- _What the task asks_
Reproduce the entries that follow exactly. No picture should appear in the result.

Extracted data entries
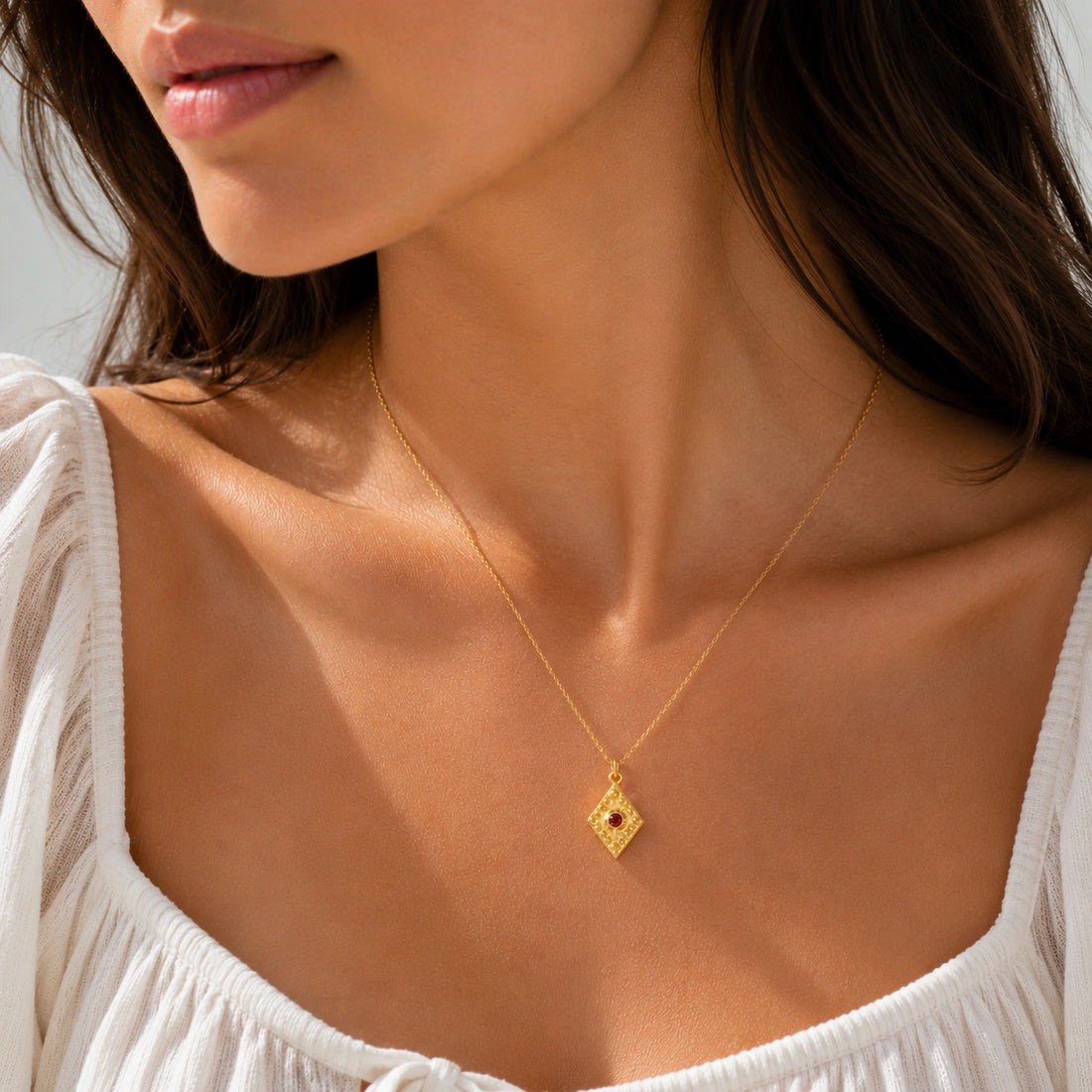Gold_locket_necklace_gold_plated_silver_slightly_angle_with_textured_diamond_pendant_and_garnet_center_stone_on_soft_fabric_background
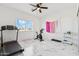 Bright bedroom featuring exercise equipment, white marble floors, and large windows for natural light at 9471 W Magnum Dr, Arizona City, AZ 85123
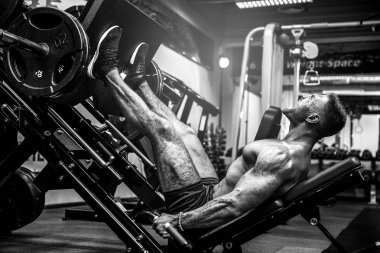 Bir Fitness kulübünde kullanan adam. Güçlü adam öğreniyor simülatörde bir egzersiz yapmak.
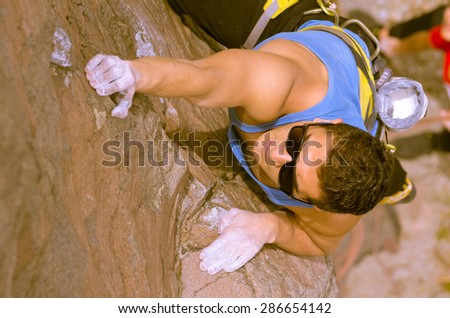 shot from above angle of man climbing mountain with sunglasses with right arm reaching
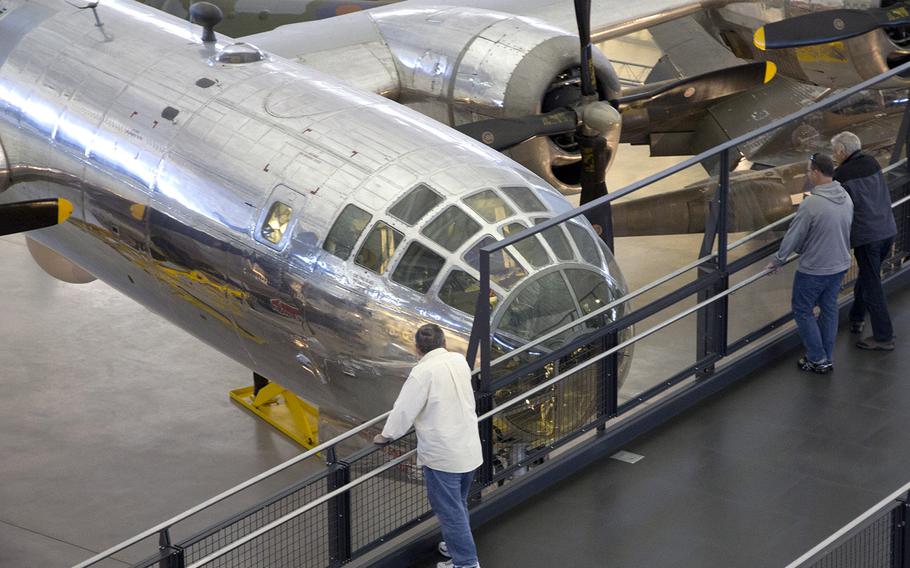 Visitors to the National Air and Space Museum's Steven F. Udvar-Hazy Center in November, 2013 peer into the cockpit of the B-29 Superfortress "Enola Gay."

- _Task answer_
Gold_locket_necklace_gold_plated_silver_slightly_angle_with_textured_diamond_pendant_and_garnet_center_stone_on_soft_fabric_background
 Bright bedroom featuring exercise equipment, white marble floors, and large windows for natural light at 9471 W Magnum Dr, Arizona City, AZ 85123
 Bir Fitness kulübünde kullanan adam. Güçlü adam öğreniyor simülatörde bir egzersiz yapmak.
 shot from above angle of man climbing mountain with sunglasses with right arm reaching
 Visitors to the National Air and Space Museum's Steven F. Udvar-Hazy Center in November, 2013 peer into the cockpit of the B-29 Superfortress "Enola Gay."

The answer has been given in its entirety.